November 18, 2010

Mandela myth

It's funny how the establishment all love Nelson Mandela.  I think it's because he has been so forgiving of his enemies.  But how do they reckon him some kind of peacenik?  I don't know but apparently the Independent's Dominic Lawson has him down as just that:
Aung San Suu Kyi...told an interviewer: "We are convinced that the non-violent approach is the best. In the long run it pays off, even if that run is longer because of its non-violent nature."
Essentially the same approach was adopted by Martin Luther King and Nelson Mandela, but not by Robert Mugabe.
The non-violent approach is a desperately hard road to tread for such freedom fighters and Aung San Suu Kyi, King and Mandela were all criticised from within their own movements for subjecting them to such a difficult discipline.
Did Lawson really believe what he wrote? The necklaces were small beer in terms of the armed campaign of the ANC against apartheid but the necklaces were pretty damn violent, highly visible and very memorable. Bernard North, in the letters page, remembers:
The limits of non-violence
Dominic Lawson (Opinion, 16 November) advocates the policy of peaceful protest, drawing on such diverse examples as last week's protest against tuition fees and Aung San Suu Kyi's campaign against the military regime in Burma. I am surprised then that I don't remember his condemning Tony Blair's violence in attacking Iraq or Israel's violent attacks on Gaza. Surely Mr Lawson feels peaceful protest would have been the better response?

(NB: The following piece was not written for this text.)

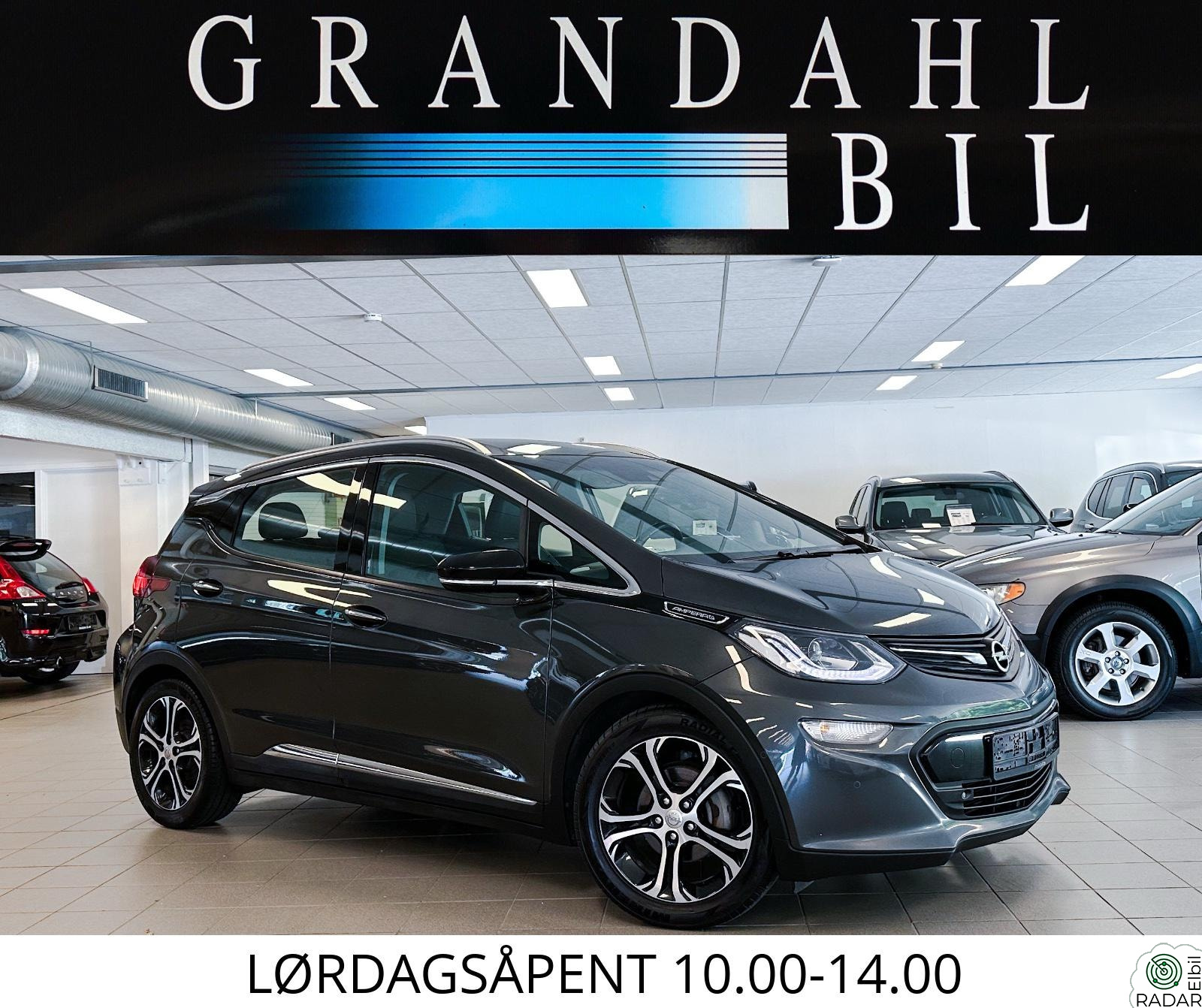 OPEL Ampera-e AUT.GIR KLIMA CRUISE SKINN KAMERA VARMERATT KJØREASS.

He then lists advocates of non-violence, including Nelson Mandela. In fact Mandela remained in prison in the 1980s because he refused to renounce violence and discusses this in his autobiography. His followers in the ANC certainly had trouble renouncing violence, as the incidents of "necklacing" testify.
Bernard North, Sutton, Surrey
There's more in the case of Mandela. Because of his refusal to renounce armed struggle, Amnesty International refused to adopt him as a prisoner of conscience.